The Indians occupying the land at this time (1877) were under the leadership of Chief Red Bird.  It is believed that the village was located on Black River.  He had winning character, determined mind, together with grace, dignity, mildness and mercy.  When he heard some white officers tormenting his warriors, he turned to a fierce enemy.  With two companions, he went to Prairie du Chien, where he killed and scalped 3 white men besides capturing two boats on the Mississippi where he killed a great number of men.  Later he gave himself up and remained in prison until he died at the age of 39.

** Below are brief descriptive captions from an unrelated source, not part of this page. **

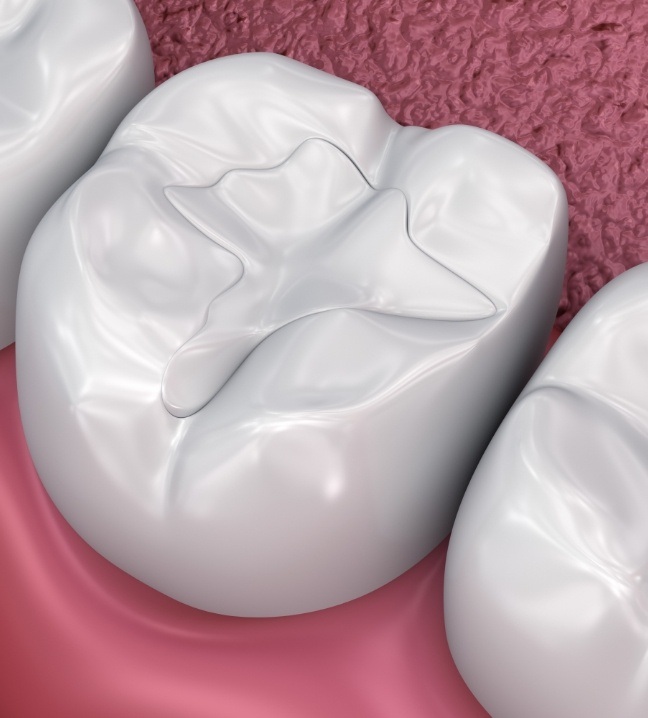 Animated smile with dental sealants being applied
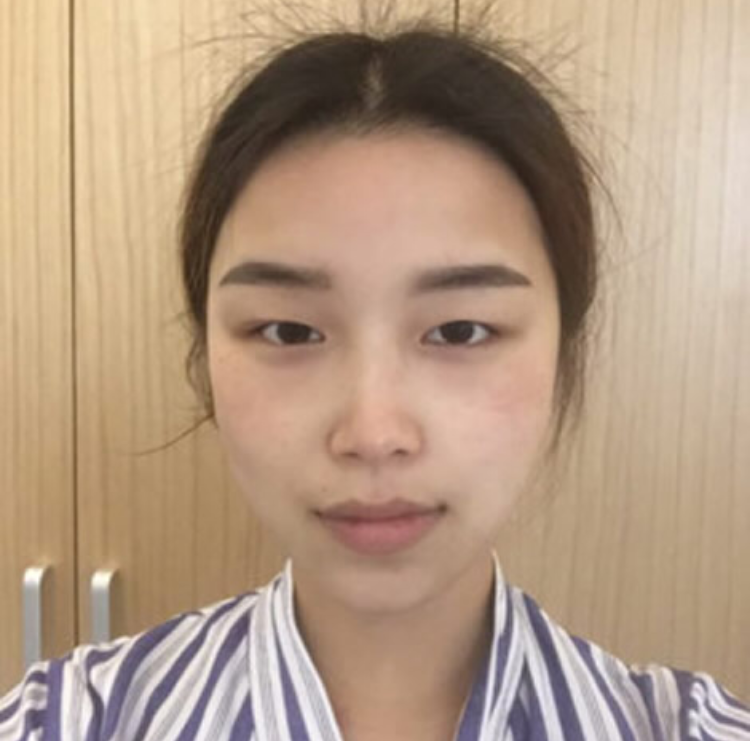 超声波双眼皮的效果比开刀还要自然，真的是棒棒哒936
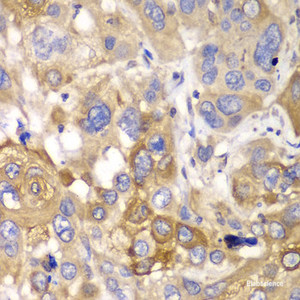 Immunohistochemistry of paraffin-embedded Human esophageal cancer using PPP1CB Polyclonal Antibody at dilution of 1:100 (40x lens) .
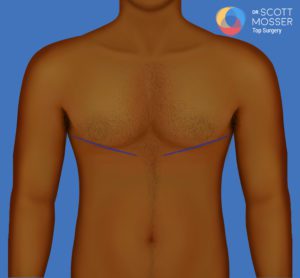 Top surgery without nipples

Another great Winnebago chief prominent in the history of Decorah Prairie was One-Eyed Decorah.  Once while fighting their deadly enemies the Chippewas, Decorah was standing on a peak named after him, seeing his followers being defeated, he sought shelter in a near-by cave until morning.  The next day, Chippewa warriors surrounded Decorah so he retreated to the top of the peak where he laid flat to escape the deadly arrows.  There are many tales as to what happened to him.  Some say he jumped to his death.  Others say he broke his leg when he jumped off the peak but managed to reach the Black River where he took a canoe and followed the river to his brother's place near La Crosse where he stayed, while others claim he died of infection from the broken leg and never reached his brother.  It is certain that he was never captured by the enemy.

Many stories are told about Indians.  Settlers and Indians exchanged visits.

When the first white settler came to the Prairie, there was no timber but an abundance of brush and grass.  Small patches of land were cultivated by the Indians for maize (corn).  Indians annually burned the land to improve hunting.  Deer were so plentiful they had to be herded off the fields.  Wolves could be heard howling and bear were often shot.  Prairie chicken wer plentiful.

The early settlers made their own soap, wove cloth, knit stockings, churned butter, baked bread, canned and dried fruit, smoked meat, made cheese, and raised large families.  Their nearest market was Trempealeau and often they walked the distance.

The Decorah Prairie was first called Scotch Prairie because of a large number of Scotts settling there.  The first settled there in 1853.  They brought with them customs and traditions from Scotland.

The first school was rudely constructed from logs and the floor of rough planks.  Later a frame school was erected.  Teachers did not spare the rod when it came to disciplining the boys.